When the movie ended, Elli switched off the television. The room seemed so very quiet. She could hear Doodles purring—and nothing else.
Could the Viking have died?
Hah. No such luck.
Had he fallen asleep? It certainly seemed that way.
What a thrilling development. Hauk. Dead to the world. Dreaming whatever a Viking warrior dreamed, and for once—since the moment she’d walked in her door that afternoon—not guarding her.
Why, she might do anything. She might get up and go in the kitchen all by herself. Might walk out on the balcony and look up at the stars. Might go down the steps and along the walk and get in her car and…go for a drive.
And not to run away, not to break her word. Oh, no. Simply because she could.
She’d return later, after he woke and found her gone. He would be frantic. Old stone face. Freaking out.
Ah, yes. How lovely…
Elli rearranged the cats a little, pushing them gently to the side so they wouldn’t be disturbed when she slid from the bed. Then she switched off the lamp and lay back to wait awhile. She could see the glowing numerals on her bedside digital alarm clock. She’d wait half an hour. And if she still heard nothing, she was out of here.
Okay, maybe it was pointless and a little bit childish. But this whole situation deeply offended her. To show that she could leave if she wanted to would be something of an object lesson—to Hauk, and by extension, to her father. And maybe, if she left and came back of her own accord, Hauk would realize it wasn’t necessary to take the orders of his king so literally. Maybe, by tomorrow night, she’d have her bedroom to herself.
The time passed slowly. She used it to consider her next move. Should she creep to the foot of the bed and have a look at him, see if he truly was in lullaby land?
Uh-uh. No point in tempting fate—not to mention squeaky bedsprings. Better just to ease out from under the covers and tiptoe to the door. If it turned out he’d been lying there for hours, stone still and awake, she’d find out soon enough.
The minutes crawled by. There was nothing but silence from the man at the foot of her bed.

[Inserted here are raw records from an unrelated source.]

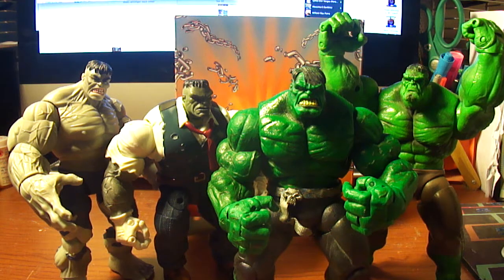What's going on, YouTubers? It's your boy, DevilsDude, doing another action video review. Today we're doing a little comparative review of my gray Hulks and my green Hulks.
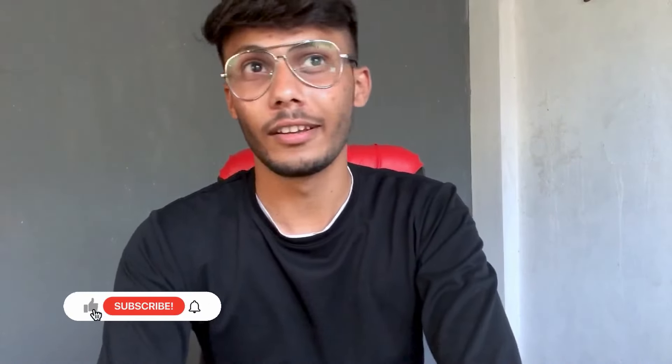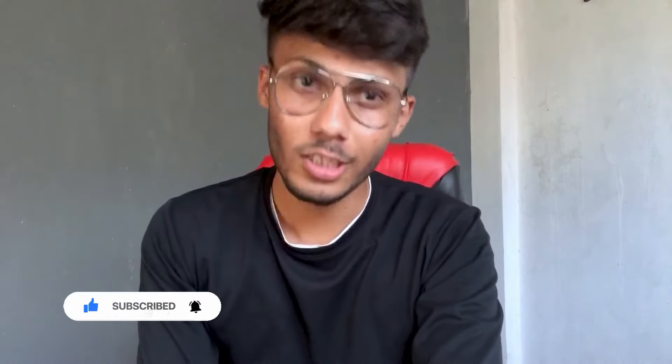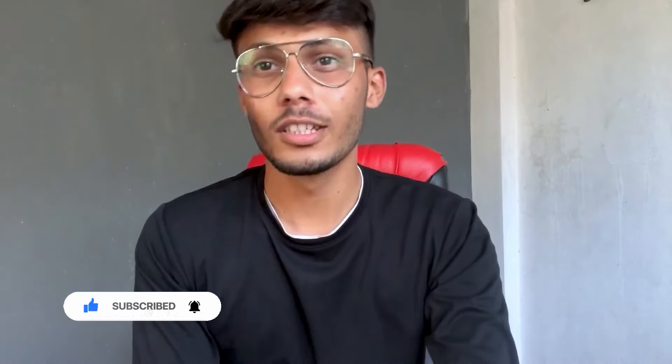That is all for today's video. I hope you have learned some things from this video. We will see you in the next video with the next artwork or the next unboxing. Thank you so much for watching — please subscribe to the channel, and if you liked the video, please like it. That's all for today, thank you, bye bye.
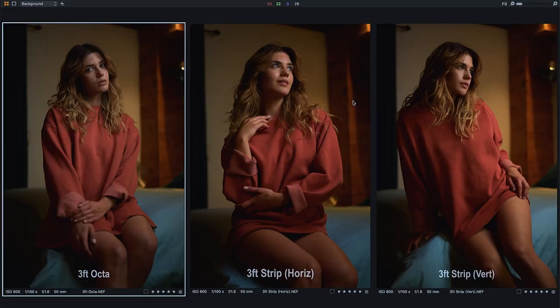We are in Capture One, which is the best raw editor that exists to date, and we have our three shots up. We have the three-foot octa on the left, the three-foot strip in horizontal position in the middle, and the three-foot strip in vertical position on the right. I want to look at the differences in how the light is falling off, where it's hitting, so you can determine if it makes sense to buy one or the other — or use them how I do, finding a good balance with each softbox.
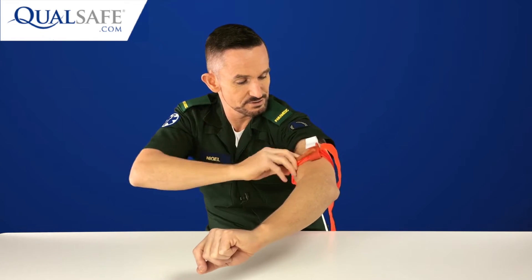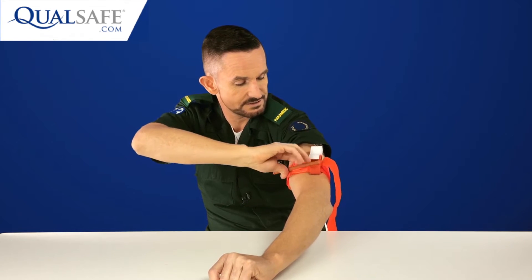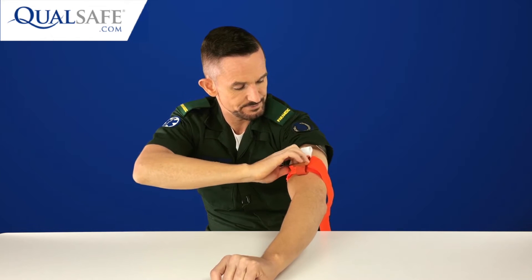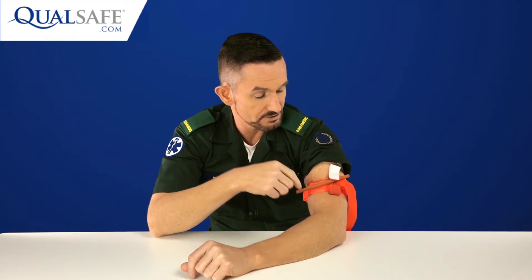Then give it a little twist — this is the windlass. You twist and twist to tighten it up. I've applied this to myself here. In the classroom setting, we don't want students applying tourniquets either to themselves or to other people — there's a section on how to safely apply and teach tourniquets in the classroom, so watch that before you go live.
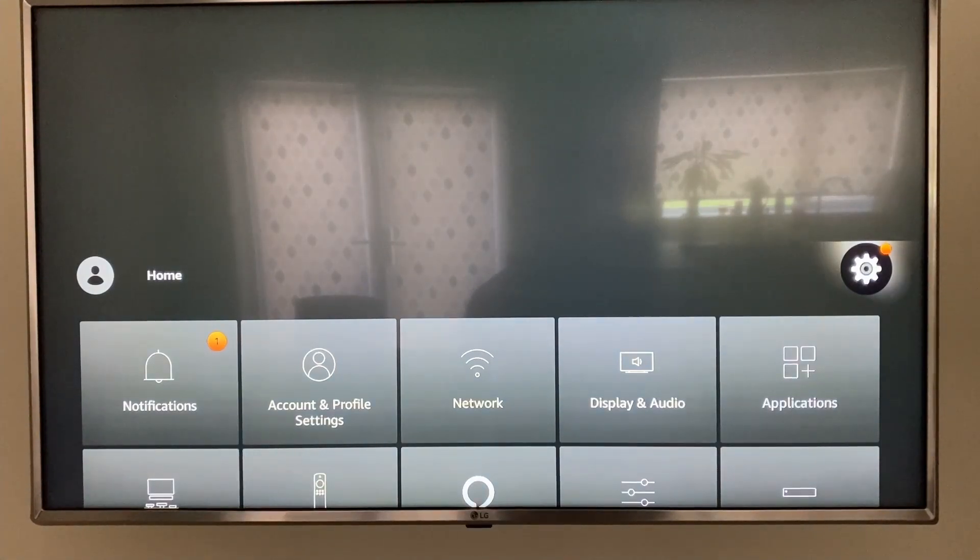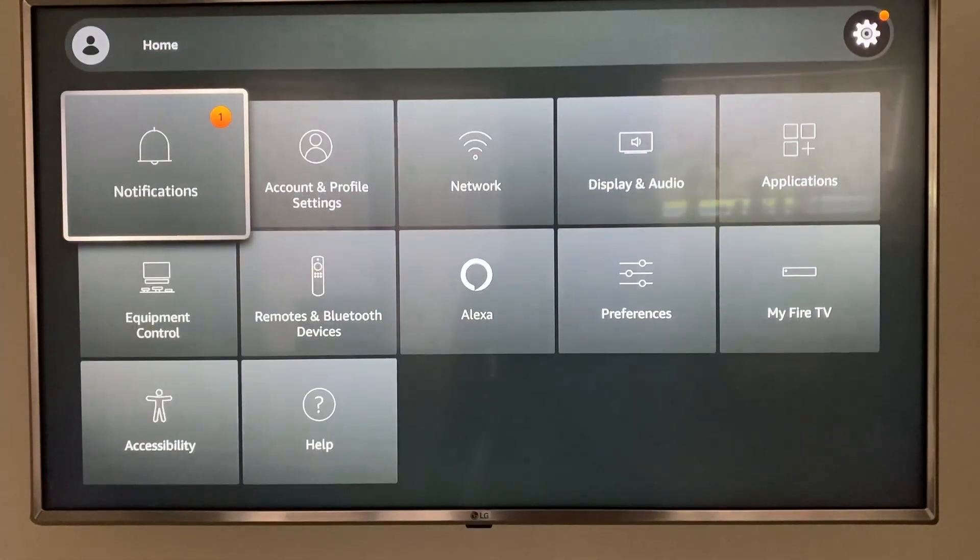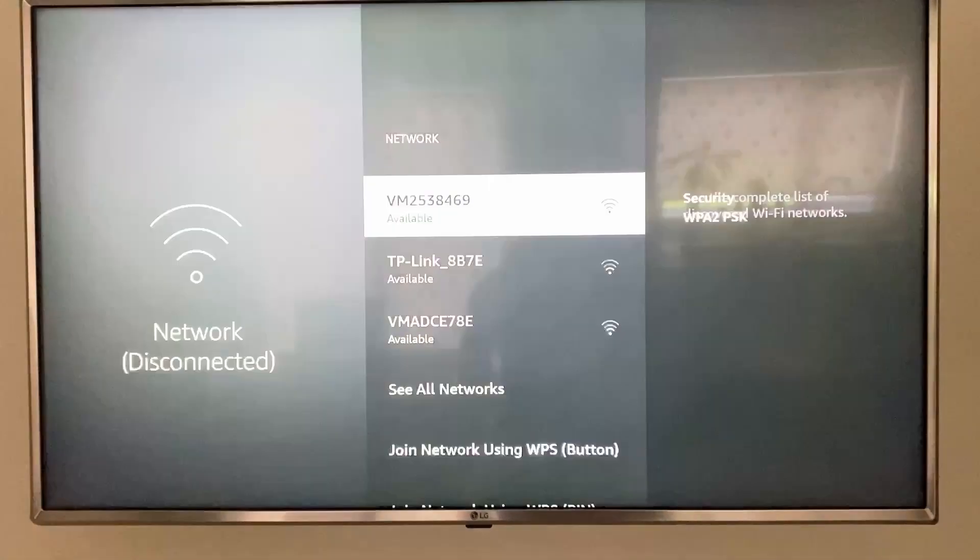Go right across to the gear icon on the right-hand side, then go down into Network.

At last, that endless half hour was behind her.
Slowly, so quietly, Elli eased back the covers. In one careful, unbroken move, she swung her feet out and over the edge of the bed. She slid her weight onto them without a single spring creaking. Doodles, sound asleep by then, didn’t even open an eye. Diablo lifted his sleek head, blinked at her, then laid his head down again.
Good. Perfect. Wonderful.
Elli turned and started for the door to the hall. She was utterly silent. She wasn’t even breathing. She made it into the open doorway.
“Where are you going?”
Elli gasped and whirled to face him. He was standing beside his blankets, watching her. She could have sworn he had never moved, never so much as stirred.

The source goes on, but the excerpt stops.